Extracted data entries:
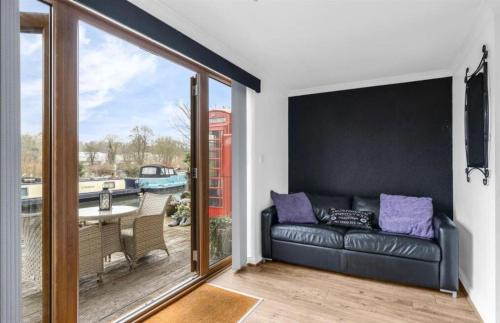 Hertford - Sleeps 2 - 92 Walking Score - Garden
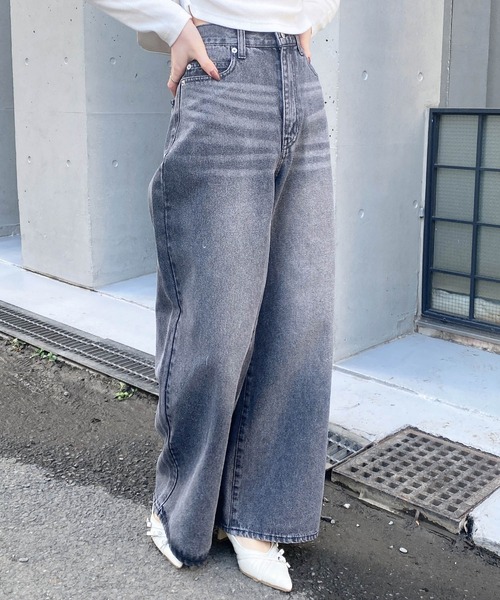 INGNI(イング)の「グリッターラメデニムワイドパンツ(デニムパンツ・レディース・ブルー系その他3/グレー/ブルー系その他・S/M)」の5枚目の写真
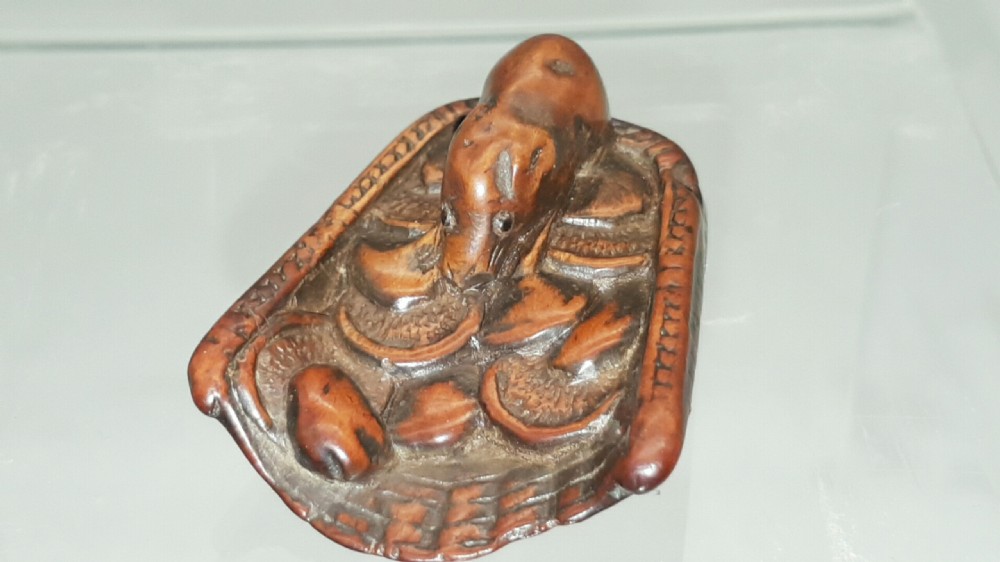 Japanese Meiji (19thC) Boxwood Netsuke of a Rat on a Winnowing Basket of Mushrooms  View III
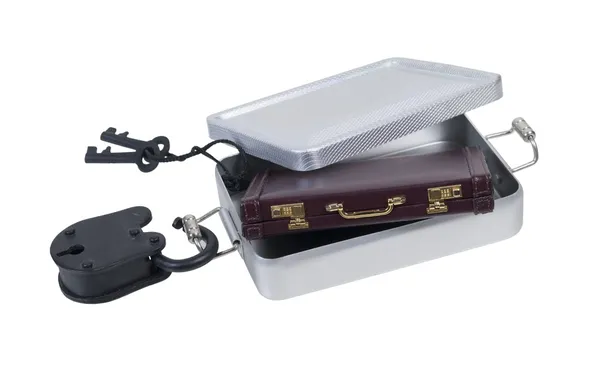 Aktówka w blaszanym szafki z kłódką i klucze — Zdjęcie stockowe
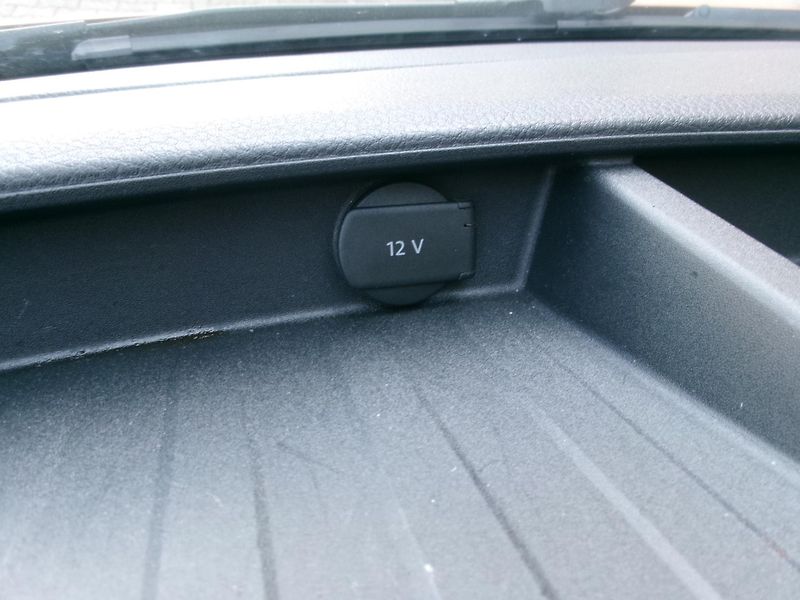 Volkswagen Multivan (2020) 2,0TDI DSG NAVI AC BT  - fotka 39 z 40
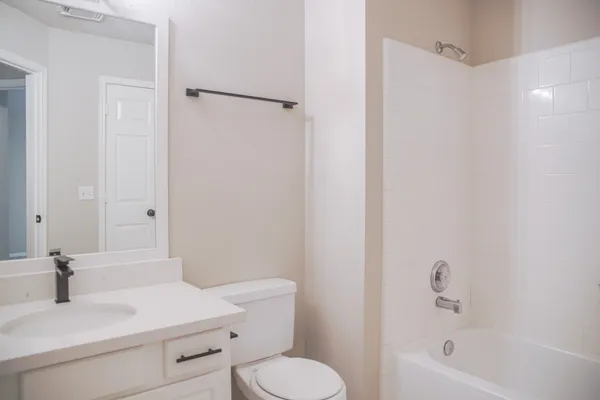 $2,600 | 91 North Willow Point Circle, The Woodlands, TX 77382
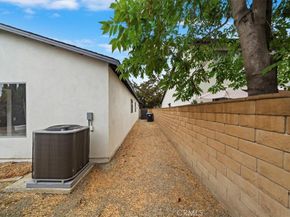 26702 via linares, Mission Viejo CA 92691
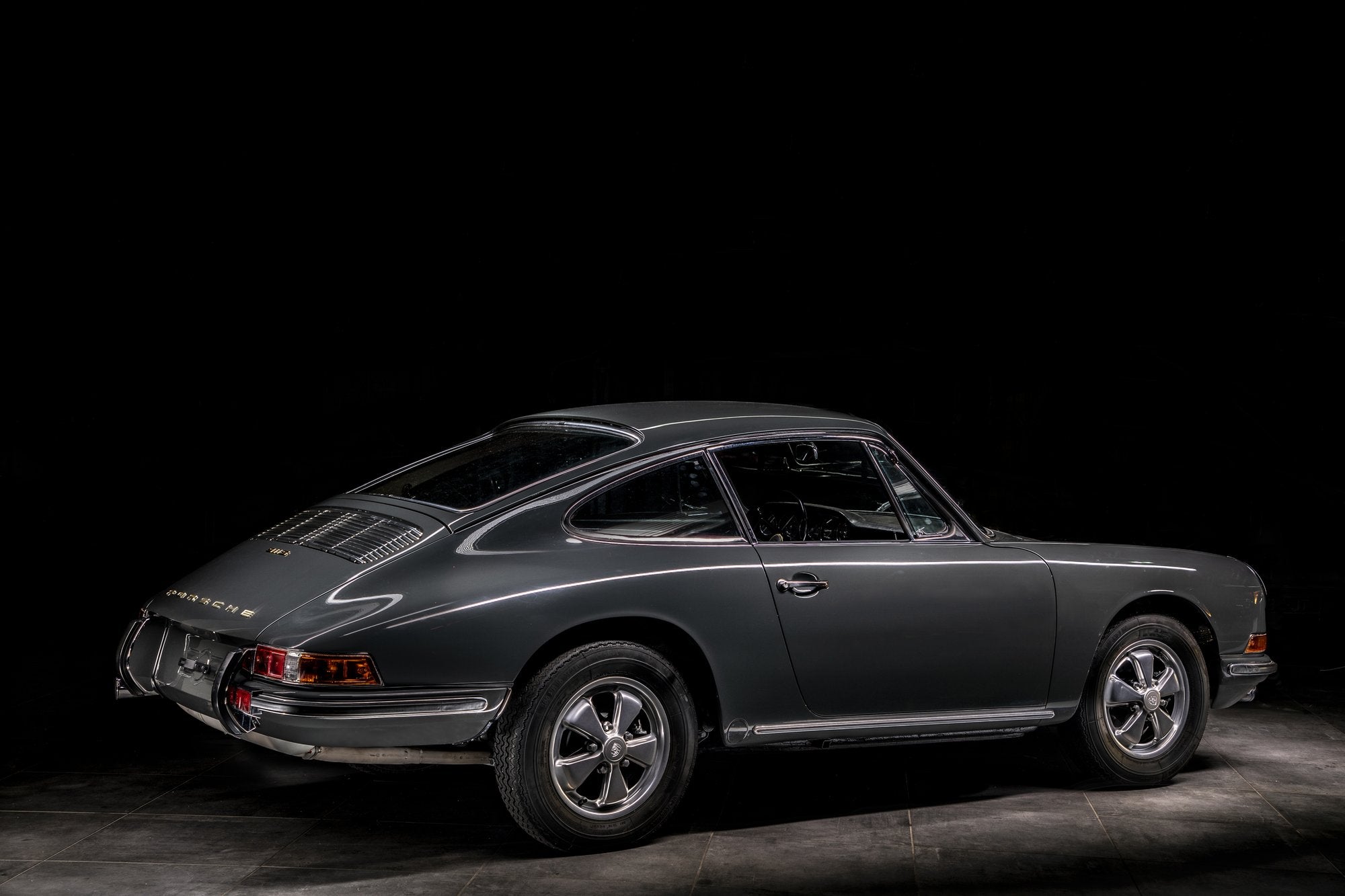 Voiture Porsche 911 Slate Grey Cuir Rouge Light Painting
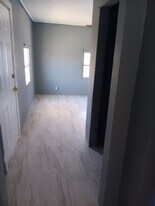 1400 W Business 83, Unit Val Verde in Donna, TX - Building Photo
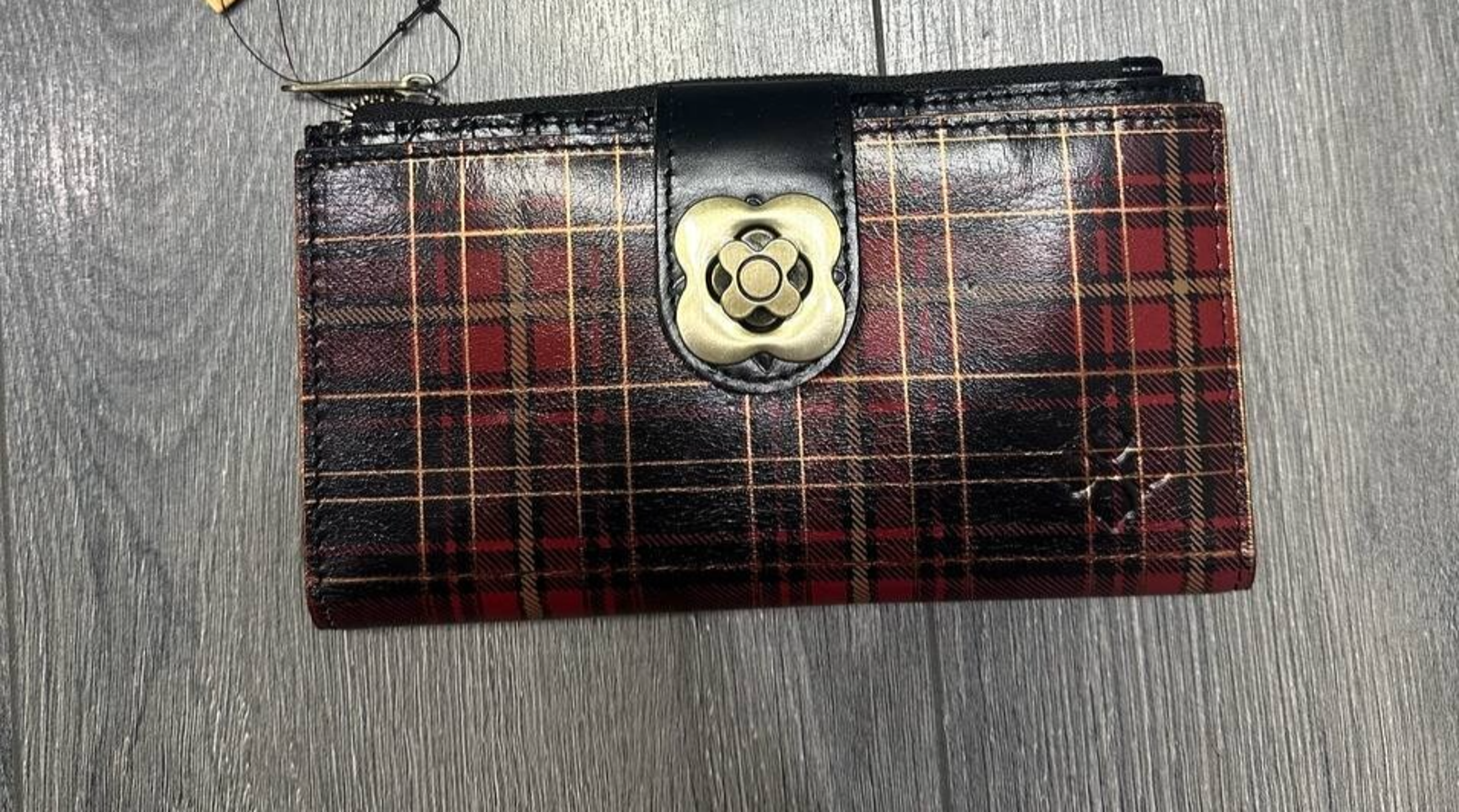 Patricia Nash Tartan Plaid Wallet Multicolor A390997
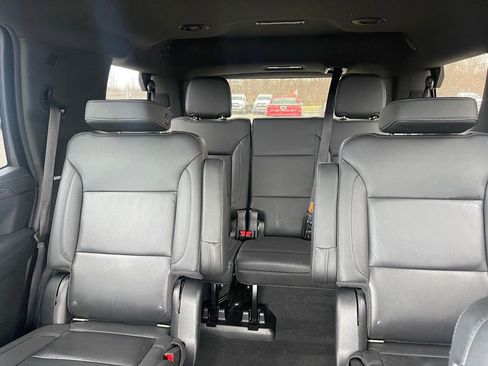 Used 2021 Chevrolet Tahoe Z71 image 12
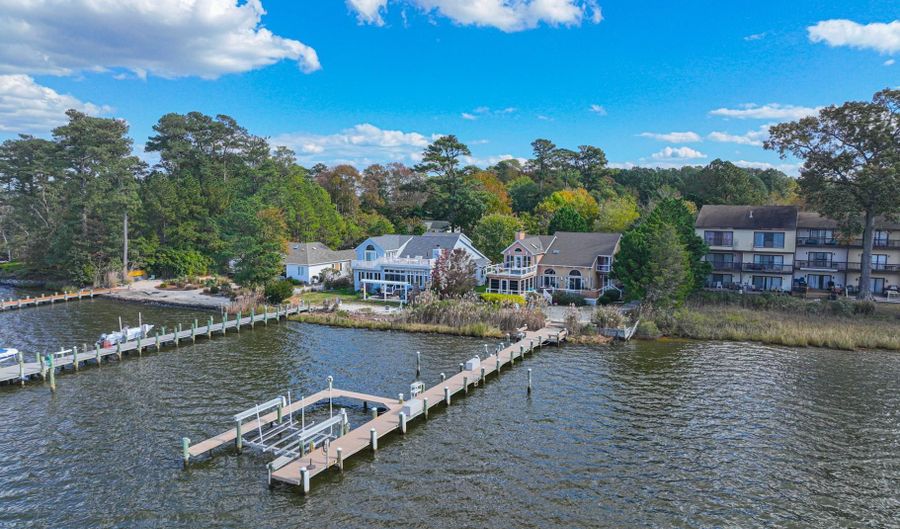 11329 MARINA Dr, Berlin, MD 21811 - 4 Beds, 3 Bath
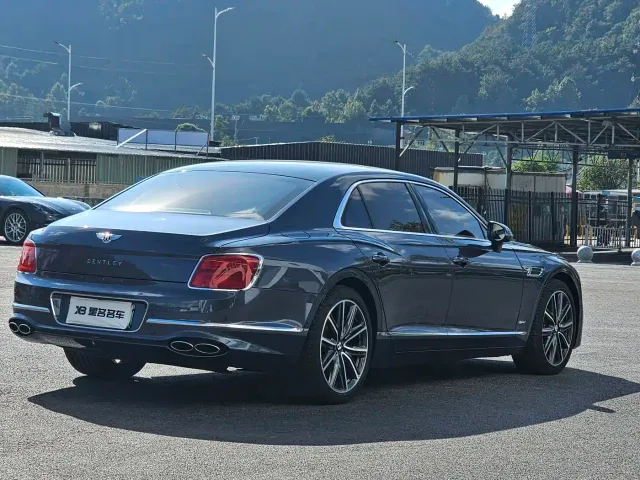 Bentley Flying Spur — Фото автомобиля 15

* [Your task] The entries are to be printed exactly as written; the pictures are to be left out.

* [Finished exercise]
 Hertford - Sleeps 2 - 92 Walking Score - Garden
 INGNI(イング)の「グリッターラメデニムワイドパンツ(デニムパンツ・レディース・ブルー系その他3/グレー/ブルー系その他・S/M)」の5枚目の写真
 Japanese Meiji (19thC) Boxwood Netsuke of a Rat on a Winnowing Basket of Mushrooms  View III
 Aktówka w blaszanym szafki z kłódką i klucze — Zdjęcie stockowe
 Volkswagen Multivan (2020) 2,0TDI DSG NAVI AC BT  - fotka 39 z 40
 $2,600 | 91 North Willow Point Circle, The Woodlands, TX 77382
 26702 via linares, Mission Viejo CA 92691
 Voiture Porsche 911 Slate Grey Cuir Rouge Light Painting
 1400 W Business 83, Unit Val Verde in Donna, TX - Building Photo
 Patricia Nash Tartan Plaid Wallet Multicolor A390997
 Used 2021 Chevrolet Tahoe Z71 image 12
 11329 MARINA Dr, Berlin, MD 21811 - 4 Beds, 3 Bath
 Bentley Flying Spur — Фото автомобиля 15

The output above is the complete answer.